Exercise objective:
Up to and including the line that contains "High angle view", return every line from the start of the data, unchanged.
*** Opening of Entries provided ***
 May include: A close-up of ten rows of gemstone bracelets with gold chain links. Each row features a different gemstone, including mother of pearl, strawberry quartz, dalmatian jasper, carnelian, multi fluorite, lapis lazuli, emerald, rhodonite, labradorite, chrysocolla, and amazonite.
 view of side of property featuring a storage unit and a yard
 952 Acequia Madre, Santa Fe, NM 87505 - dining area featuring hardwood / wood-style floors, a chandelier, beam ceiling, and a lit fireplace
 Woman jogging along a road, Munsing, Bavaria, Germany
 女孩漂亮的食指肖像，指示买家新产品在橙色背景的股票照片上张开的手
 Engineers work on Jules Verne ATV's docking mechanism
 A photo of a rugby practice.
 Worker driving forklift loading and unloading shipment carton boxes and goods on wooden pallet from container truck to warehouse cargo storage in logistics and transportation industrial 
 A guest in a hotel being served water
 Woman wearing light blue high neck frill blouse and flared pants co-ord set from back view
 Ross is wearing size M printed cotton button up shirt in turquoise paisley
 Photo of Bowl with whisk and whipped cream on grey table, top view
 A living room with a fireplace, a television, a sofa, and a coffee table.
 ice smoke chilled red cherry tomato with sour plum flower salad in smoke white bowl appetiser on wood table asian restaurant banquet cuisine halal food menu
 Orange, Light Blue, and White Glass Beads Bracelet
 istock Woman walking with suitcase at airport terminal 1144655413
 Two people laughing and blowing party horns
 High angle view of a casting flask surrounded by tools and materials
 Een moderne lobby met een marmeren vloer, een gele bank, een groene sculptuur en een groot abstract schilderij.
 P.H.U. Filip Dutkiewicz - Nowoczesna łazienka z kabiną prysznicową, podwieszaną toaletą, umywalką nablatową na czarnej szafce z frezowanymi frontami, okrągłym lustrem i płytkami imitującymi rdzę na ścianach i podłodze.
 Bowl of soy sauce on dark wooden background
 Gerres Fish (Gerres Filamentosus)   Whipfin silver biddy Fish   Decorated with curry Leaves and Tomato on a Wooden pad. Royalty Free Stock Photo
*** Close of Entries provided ***
Answer:
 May include: A close-up of ten rows of gemstone bracelets with gold chain links. Each row features a different gemstone, including mother of pearl, strawberry quartz, dalmatian jasper, carnelian, multi fluorite, lapis lazuli, emerald, rhodonite, labradorite, chrysocolla, and amazonite.
 view of side of property featuring a storage unit and a yard
 952 Acequia Madre, Santa Fe, NM 87505 - dining area featuring hardwood / wood-style floors, a chandelier, beam ceiling, and a lit fireplace
 Woman jogging along a road, Munsing, Bavaria, Germany
 女孩漂亮的食指肖像，指示买家新产品在橙色背景的股票照片上张开的手
 Engineers work on Jules Verne ATV's docking mechanism
 A photo of a rugby practice.
 Worker driving forklift loading and unloading shipment carton boxes and goods on wooden pallet from container truck to warehouse cargo storage in logistics and transportation industrial 
 A guest in a hotel being served water
 Woman wearing light blue high neck frill blouse and flared pants co-ord set from back view
 Ross is wearing size M printed cotton button up shirt in turquoise paisley
 Photo of Bowl with whisk and whipped cream on grey table, top view
 A living room with a fireplace, a television, a sofa, and a coffee table.
 ice smoke chilled red cherry tomato with sour plum flower salad in smoke white bowl appetiser on wood table asian restaurant banquet cuisine halal food menu
 Orange, Light Blue, and White Glass Beads Bracelet
 istock Woman walking with suitcase at airport terminal 1144655413
 Two people laughing and blowing party horns
 High angle view of a casting flask surrounded by tools and materials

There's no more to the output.